Four short links: 6 November 2015

Media Money, Linux Security, TPP and Source, and Robot Chefs

  1. Grantland and the Surprising Future of Publishing (Ben Thompson) — writing is good for reach, podcasts and video good for advertising $. The combination is powerful.
  2. Security and the Linux Kernel (WaPo) — the question is not “can the WaPo write intelligently about the Linux kernel and security?” (answer, by the way, is “yes”) but rather “why is the WaPo writing about Linux kernel and security?” Ladies and gentlemen, start your conspiracy engines.

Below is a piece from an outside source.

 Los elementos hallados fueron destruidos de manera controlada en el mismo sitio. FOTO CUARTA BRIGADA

  3. TPP Might Prevent Governments from Auditing Source Code (Wired) — Article 14.17 of proposal, published at last today after years of secret negotiations, says: “No Party shall require the transfer of, or access to, source code of software owned by a person of another Party, as a condition for the import, distribution, sale or use of such software, or of products containing such software, in its territory.” The proposal includes an exception for critical infrastructure, but it’s not clear whether software involved in life or death situations, such as cars, airplanes, or medical devices would be included. One of many “what the heck does this mean for us?” analyses coming out. I’m waiting a few days until the analyses shake out before I get anything in a tangle.
  4. Innit Future Kitchen — robots that cook. Is nothing sacred for these steely-hearted bastards?!